I am a Vice-Chancellor who has progressively moved towards a position of outright opposition to the changes as my hopes of an acceptable compromise have diminished. These hopes are now at near vanishing point, so even if I am the only one in the sector, I think it right now to distance myself from what appears to be the negotiating stance of Universities Australia and condemn the measures as a complete package, even if there are individual details which could be acceptable.
Students seem almost incidental to the debate, but I think they should be at the centre of it. We are about to inflict grievous damage on the prospects of a generation of young Australians by saddling them with enormous debt; and this is being shrugged off as a mildly distasteful consequence. When Joseph Stiglitz, Nobel Prize-winner for Economics and Professor at Columbia University, calls on Australia not to take this direction, as he did last month, citing his own country (the USA) as an example of what to avoid, we should listen. And if I have to choose between Stiglitz and Pyne, I go for Stiglitz.

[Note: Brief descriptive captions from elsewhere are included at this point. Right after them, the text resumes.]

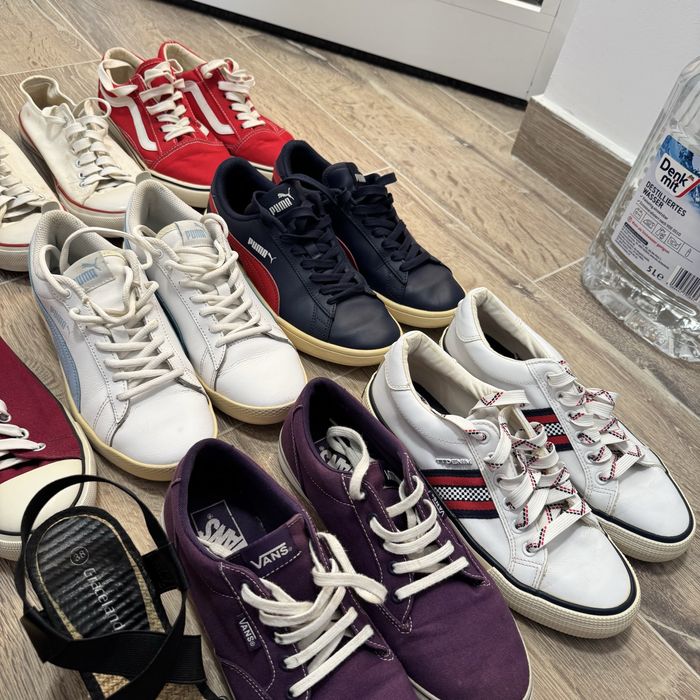 Lot încălțăminte marimea 38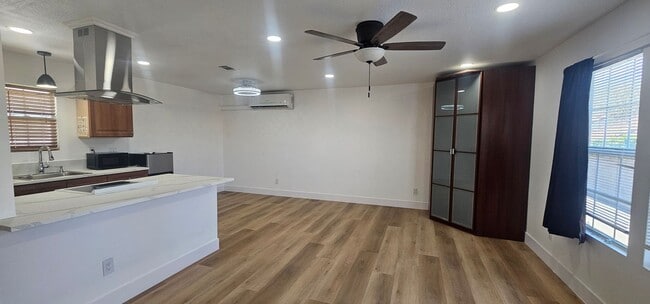 Photo - ADU- Studio- Upstairs- Newly Remodeled- Ready To Move In Now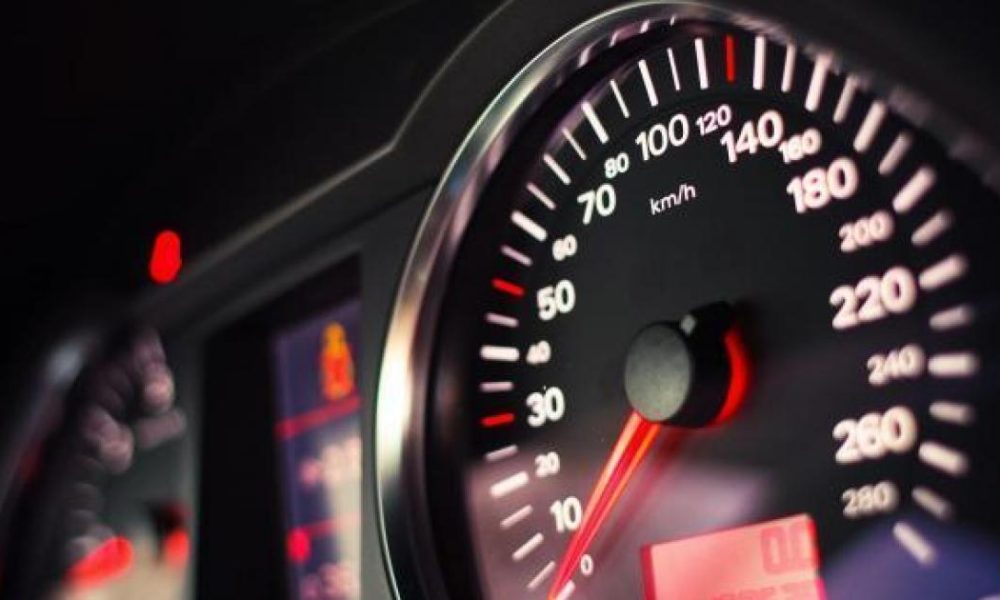 National Highways dashboard warning lights guidance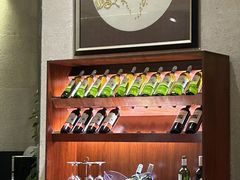 -广州万富希尔顿酒店-感趣自助餐厅·生蚝海鲜刺身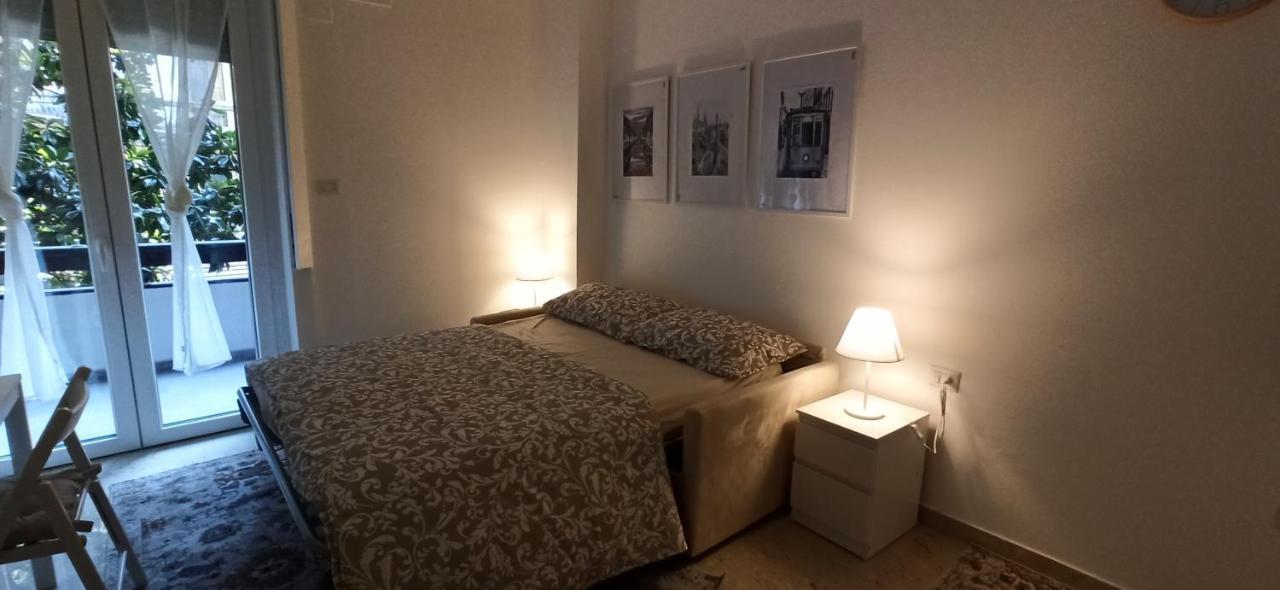 Appartement Smart Porta Venezia Fashion District *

Even if the worst of the proposals concerning the HECS-HELP scheme is ameliorated (ie the proposal for compound interest at the bond rate with no suspension possibility and no debt-ceiling), fee deregulation will push up the average level of student debt considerably. It has to, because so many universities are supporting fee deregulation in order to fund their future research. Why on earth today’s students should fund a university’s research tomorrow is quite beyond me. Thank heavens this is Canberra 2014, not Paris 1968.

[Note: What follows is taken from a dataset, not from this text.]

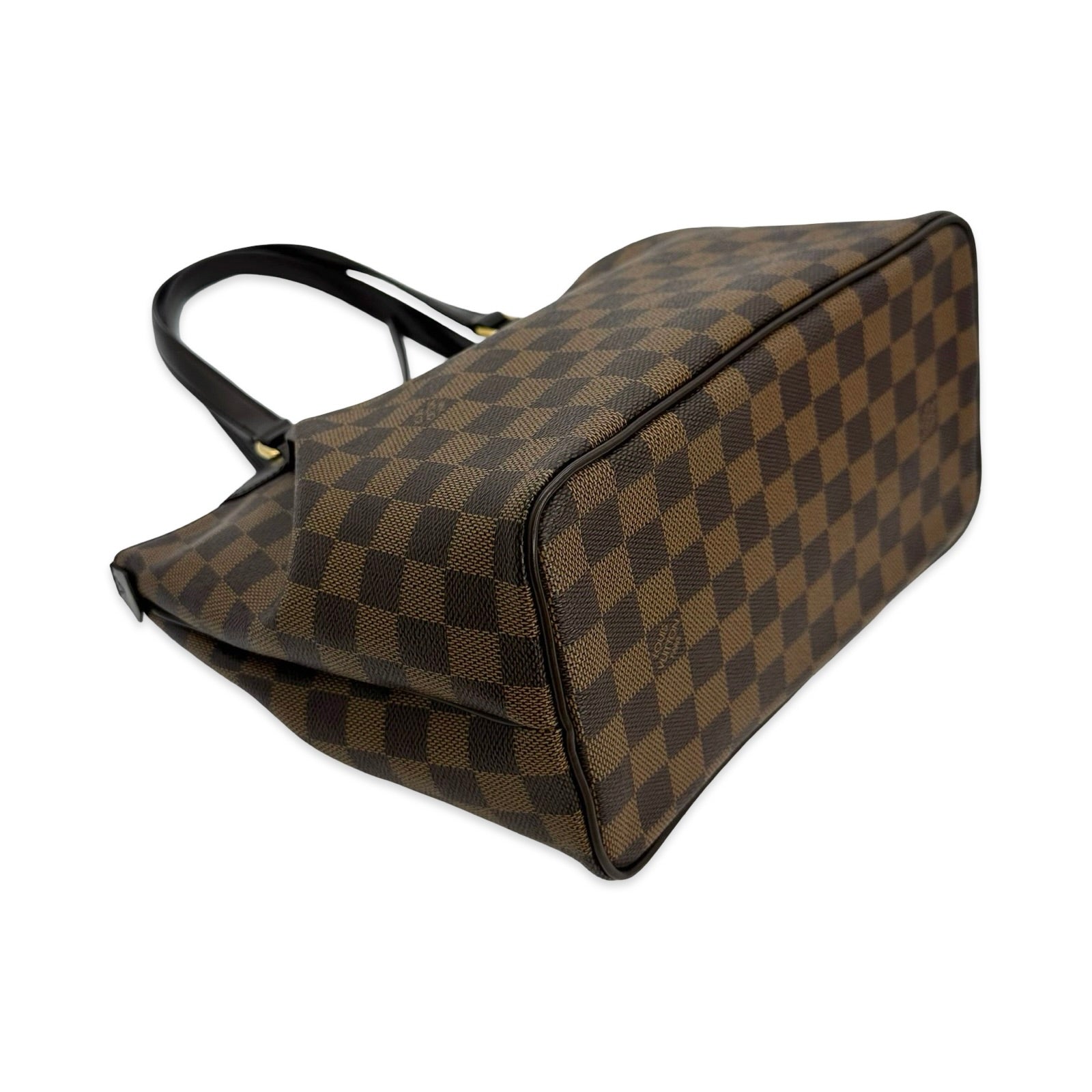 LOUIS VUITTON: Damier Ebene Westminster PM – Luv Luxe Scottsdale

We are told, yet again, that there will be an additional 80,000 higher education students per year supported by the Commonwealth. There won’t be. Some of these places are for sub-degrees, and many of the kinds of students who would enrol in sub-degrees are currently enrolling straight into degrees instead. Whichever kind of course they choose, they won’t be extra numbers in higher education. Furthermore, even if it would be better for students who are less academically ready to go into diplomas first, if a university is going to receive 100% of the Commonwealth Grants Scheme amount for a bachelor place and, say, 60-70%, for a sub-degree place, why would it divert students in this way? It would be better to provide added support to first year bachelors students who need it and draw on the higher rate of funding.

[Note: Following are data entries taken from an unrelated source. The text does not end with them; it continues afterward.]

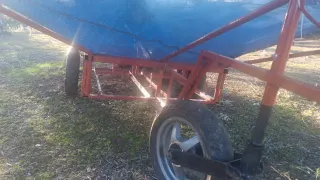 Recolector de aceitunas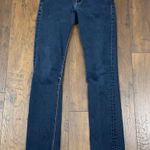 Lucky Brand  Brooke Straight Jeans Photo 1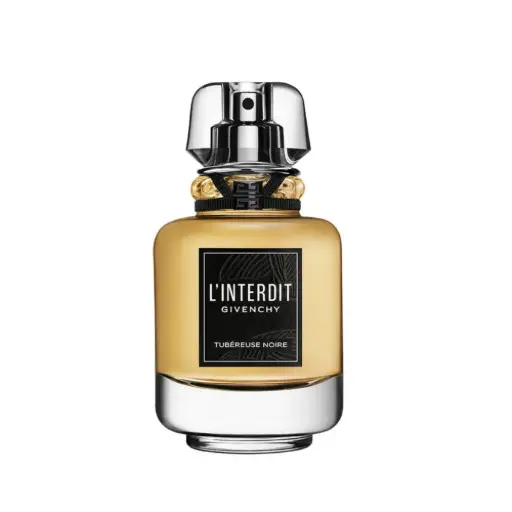 [P000163] L’Interdit Millesime Tubereuse Noire Eau de Parfum 50ml
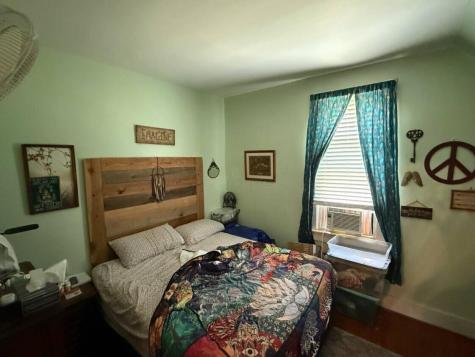 307 E Burgess Street Mount Vernon OH 43050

I don’t know where the rest of the 80,000 students are going to come from. My impression is that we have nearly exhausted the eligible population, and we are already doing damage to the vocational sector. We will end up a nation of degree-holders who can’t find a plumber, unless they retrain to become one (and probably, by then, increase their earning power). There will be a declining rate of return for a bachelor degree at the same time as an increasing level of debt. There will be a backlash, I assure you, but it will be too late.
Today, Minister Pyne made a plea to the Senate cross-benchers to support the reforms. I make a plea to them to reject them outright, and then have a sensible conversation about the future of higher education. The Government might now be listening to Professor Bruce Chapman over the HECS scheme, but why didn’t they ask him beforehand, as the obvious world expert, right on our door-step? The National Commission of Audit called for a conversation about fee deregulation which might take up to 12 months. Why didn’t the Government do this, instead of launching into a massive proposal which it hadn’t flagged a few months earlier at a federal election?
The fact is, we don’t know what we are getting ourselves into, the whole thing is rushed, universities are being cajoled into a compromise position so as to try and salvage something from the mess, and we are jumping at our own shadows.
An earlier generation of vice-chancellors would have stood up for students. I say, reject the whole set of proposals, on their behalf, and then let’s talk.